--- Extracted entries Enclosed Below ---

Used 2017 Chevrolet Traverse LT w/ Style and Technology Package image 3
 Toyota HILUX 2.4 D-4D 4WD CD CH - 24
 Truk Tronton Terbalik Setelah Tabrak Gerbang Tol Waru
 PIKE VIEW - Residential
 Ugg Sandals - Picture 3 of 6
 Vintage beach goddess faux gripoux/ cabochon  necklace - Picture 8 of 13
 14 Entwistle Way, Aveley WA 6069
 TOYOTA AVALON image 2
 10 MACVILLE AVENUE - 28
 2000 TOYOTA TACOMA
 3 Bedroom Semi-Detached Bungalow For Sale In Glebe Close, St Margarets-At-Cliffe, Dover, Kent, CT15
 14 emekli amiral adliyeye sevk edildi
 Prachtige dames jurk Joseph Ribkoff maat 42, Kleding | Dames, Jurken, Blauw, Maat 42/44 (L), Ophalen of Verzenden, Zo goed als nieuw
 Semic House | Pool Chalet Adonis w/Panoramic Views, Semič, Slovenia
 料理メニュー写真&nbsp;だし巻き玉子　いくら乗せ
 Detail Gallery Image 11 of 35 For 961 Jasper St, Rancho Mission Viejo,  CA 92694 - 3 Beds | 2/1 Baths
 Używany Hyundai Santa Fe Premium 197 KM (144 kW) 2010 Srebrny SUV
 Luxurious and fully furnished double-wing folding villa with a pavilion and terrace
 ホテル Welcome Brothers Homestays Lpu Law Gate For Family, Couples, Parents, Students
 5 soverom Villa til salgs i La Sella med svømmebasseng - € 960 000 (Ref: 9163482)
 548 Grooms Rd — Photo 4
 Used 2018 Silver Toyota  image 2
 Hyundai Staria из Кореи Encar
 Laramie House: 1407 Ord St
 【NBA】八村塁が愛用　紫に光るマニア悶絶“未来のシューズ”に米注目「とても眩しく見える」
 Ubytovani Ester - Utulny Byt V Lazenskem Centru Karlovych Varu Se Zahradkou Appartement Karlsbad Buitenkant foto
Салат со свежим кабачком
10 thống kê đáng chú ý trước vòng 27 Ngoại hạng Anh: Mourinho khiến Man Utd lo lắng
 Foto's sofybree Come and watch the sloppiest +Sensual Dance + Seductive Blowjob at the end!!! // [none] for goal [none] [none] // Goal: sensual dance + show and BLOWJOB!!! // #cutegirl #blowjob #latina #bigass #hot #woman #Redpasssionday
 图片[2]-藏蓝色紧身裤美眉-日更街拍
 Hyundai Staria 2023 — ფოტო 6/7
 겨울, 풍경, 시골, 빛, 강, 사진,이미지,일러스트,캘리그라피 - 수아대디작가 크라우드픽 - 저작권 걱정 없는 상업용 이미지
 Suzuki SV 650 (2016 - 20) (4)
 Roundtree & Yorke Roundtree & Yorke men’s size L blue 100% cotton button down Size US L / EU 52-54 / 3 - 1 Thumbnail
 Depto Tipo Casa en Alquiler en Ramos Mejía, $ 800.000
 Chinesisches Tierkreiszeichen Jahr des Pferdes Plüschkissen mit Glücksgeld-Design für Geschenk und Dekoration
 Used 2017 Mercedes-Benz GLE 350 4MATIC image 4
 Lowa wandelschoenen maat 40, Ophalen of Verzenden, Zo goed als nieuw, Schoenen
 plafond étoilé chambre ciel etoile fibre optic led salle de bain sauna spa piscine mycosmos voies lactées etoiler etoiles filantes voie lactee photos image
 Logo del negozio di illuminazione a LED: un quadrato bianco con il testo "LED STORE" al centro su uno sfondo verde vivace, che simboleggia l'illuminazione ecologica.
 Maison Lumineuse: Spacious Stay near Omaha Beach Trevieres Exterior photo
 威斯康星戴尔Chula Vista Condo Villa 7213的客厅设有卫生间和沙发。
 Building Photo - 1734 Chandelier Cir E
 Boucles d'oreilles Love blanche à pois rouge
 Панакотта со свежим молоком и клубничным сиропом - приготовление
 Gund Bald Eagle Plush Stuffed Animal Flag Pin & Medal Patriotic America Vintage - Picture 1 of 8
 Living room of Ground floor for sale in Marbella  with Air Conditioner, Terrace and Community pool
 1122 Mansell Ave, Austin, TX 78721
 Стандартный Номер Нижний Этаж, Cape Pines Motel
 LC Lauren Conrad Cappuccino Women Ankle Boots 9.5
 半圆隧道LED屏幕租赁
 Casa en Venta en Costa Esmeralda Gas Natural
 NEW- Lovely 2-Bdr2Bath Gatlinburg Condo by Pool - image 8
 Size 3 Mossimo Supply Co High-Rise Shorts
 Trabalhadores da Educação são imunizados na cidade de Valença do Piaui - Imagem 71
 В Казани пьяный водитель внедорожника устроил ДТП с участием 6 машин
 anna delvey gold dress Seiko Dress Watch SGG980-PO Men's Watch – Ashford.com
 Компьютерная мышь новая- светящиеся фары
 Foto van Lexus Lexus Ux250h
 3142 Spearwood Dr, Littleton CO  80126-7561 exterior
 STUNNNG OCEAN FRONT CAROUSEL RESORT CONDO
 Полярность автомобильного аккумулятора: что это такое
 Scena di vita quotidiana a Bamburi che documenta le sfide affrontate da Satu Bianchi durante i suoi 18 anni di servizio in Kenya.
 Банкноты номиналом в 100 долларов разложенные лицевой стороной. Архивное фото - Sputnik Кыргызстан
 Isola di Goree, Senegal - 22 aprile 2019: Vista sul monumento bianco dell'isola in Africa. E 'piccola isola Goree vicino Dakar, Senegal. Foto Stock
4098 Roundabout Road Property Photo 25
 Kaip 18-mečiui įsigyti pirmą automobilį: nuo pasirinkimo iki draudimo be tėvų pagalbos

--- End of Enclosed Extracted entries ---

Task objective:
Taking the entries above, write out exactly each line from the one holding "겨울, 풍경, 시골, 빛, 강, 사진,이미지,일러스트,캘리그라피" to the one holding "Depto Tipo Casa", both included, and stop there.

Answer space:
 겨울, 풍경, 시골, 빛, 강, 사진,이미지,일러스트,캘리그라피 - 수아대디작가 크라우드픽 - 저작권 걱정 없는 상업용 이미지
 Suzuki SV 650 (2016 - 20) (4)
 Roundtree & Yorke Roundtree & Yorke men’s size L blue 100% cotton button down Size US L / EU 52-54 / 3 - 1 Thumbnail
 Depto Tipo Casa en Alquiler en Ramos Mejía, $ 800.000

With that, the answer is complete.